About this exercise: From the line that contains "Pieds de bébé dans les mains de sa maman" to the last line of the data below, transcribe every line exactly. Do not include the pictures.

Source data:
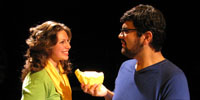 Actors smiling at one another in scene from student-written play.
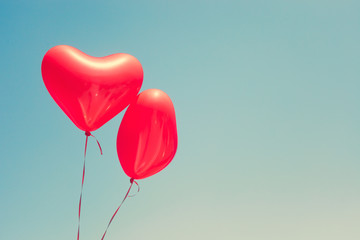 Fototapeta na wymiar Two red heart shaped balloons in flight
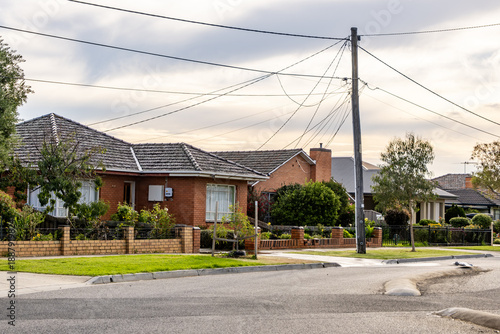 Fotografía A quiet suburban residential street with single-storey brick houses, front gardens, and overhead power lines at a street corner
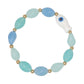 Mellow Monkey coastal bracelet featuring a white fish charm and smooth aqua blue beads on a stretch cord.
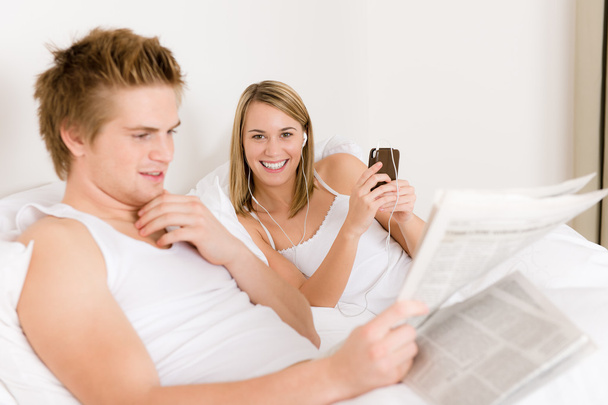 Young couple relax in bed listen to music - Foto, Imagen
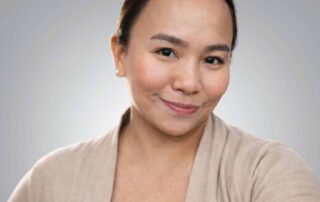 Lee-Anne Cunanan RMT MOT professional headshot with soft grey background and natural studio lig - Red Leaf Wellness Edmonton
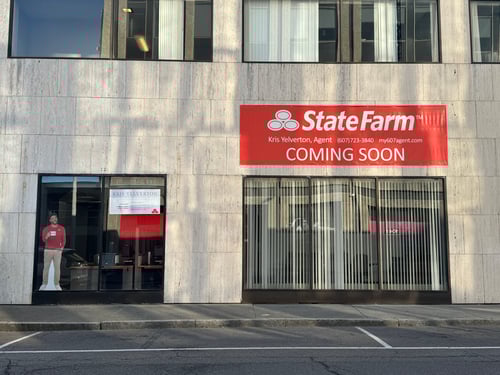 Brick building with red State Farm sign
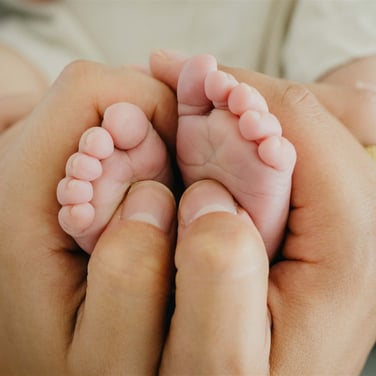 Pieds de bébé dans les mains de sa maman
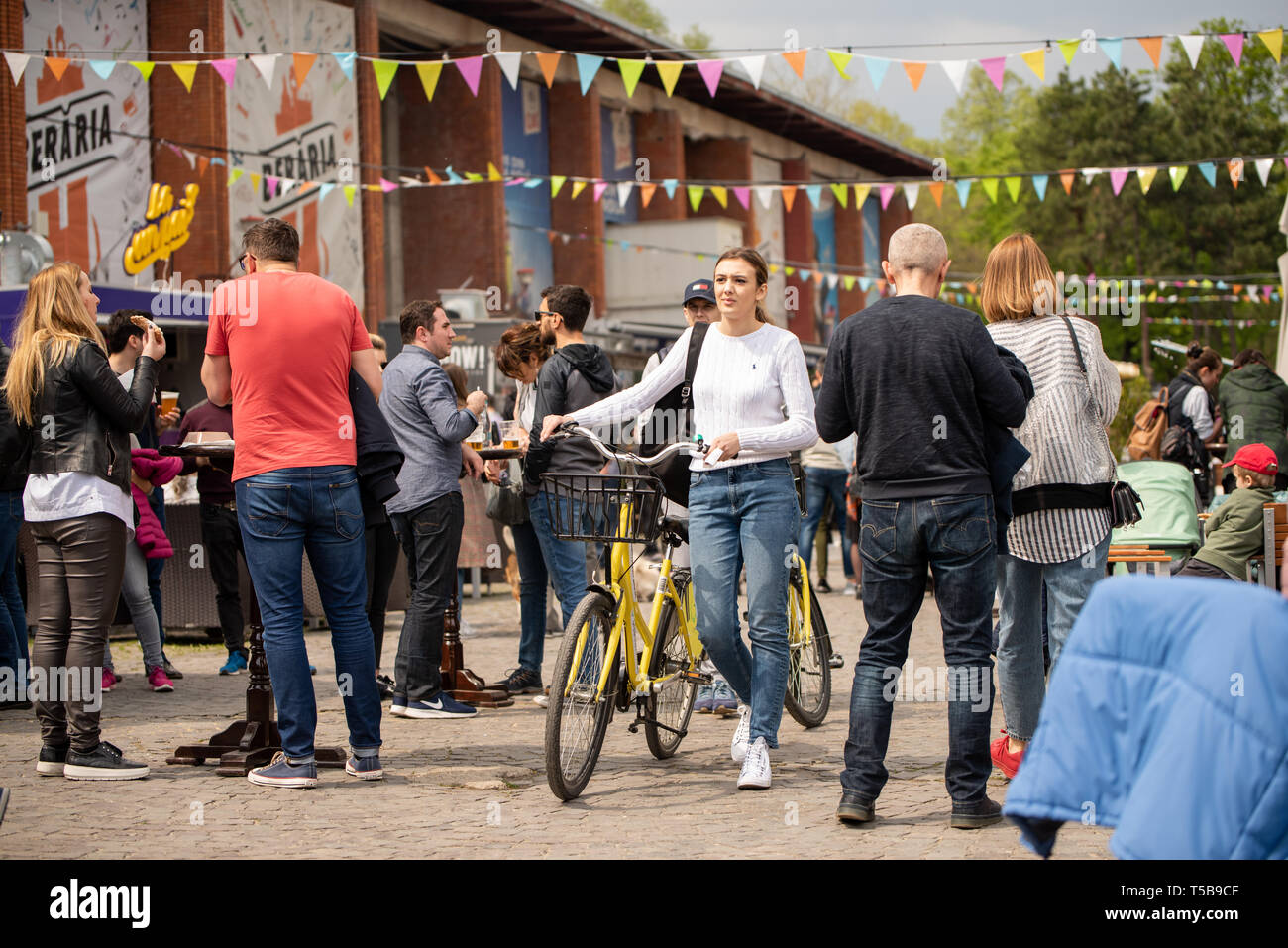 Bucharest, Romania: 21.04.2019 - Street Food Truck festival - Girl carrrying a bike at a street food truck festival in the park in the middle of a crowd. Adult and children fun weekend at the fair. Stock Photo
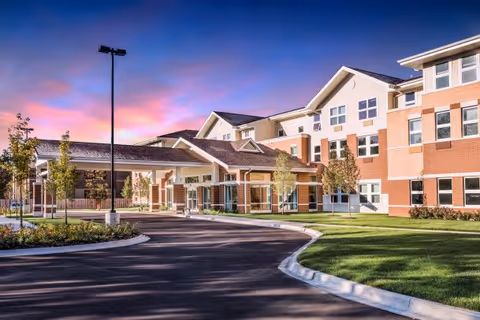 Exterior view of a large, modern senior living facility building with a covered entrance, surrounded by landscaped greenery and a curved driveway under a colorful sunset sky.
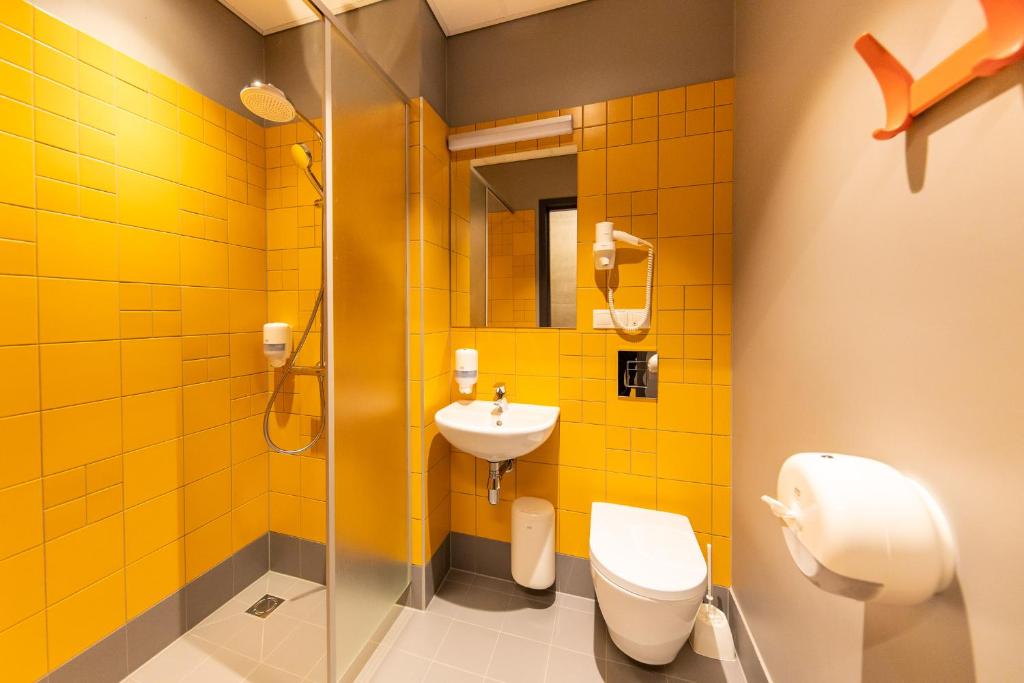 Koupelna v ubytování Stadium Hotel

Answer to this problem:
 Pieds de bébé dans les mains de sa maman
 Bucharest, Romania: 21.04.2019 - Street Food Truck festival - Girl carrrying a bike at a street food truck festival in the park in the middle of a crowd. Adult and children fun weekend at the fair. Stock Photo
 Exterior view of a large, modern senior living facility building with a covered entrance, surrounded by landscaped greenery and a curved driveway under a colorful sunset sky.
 Koupelna v ubytování Stadium Hotel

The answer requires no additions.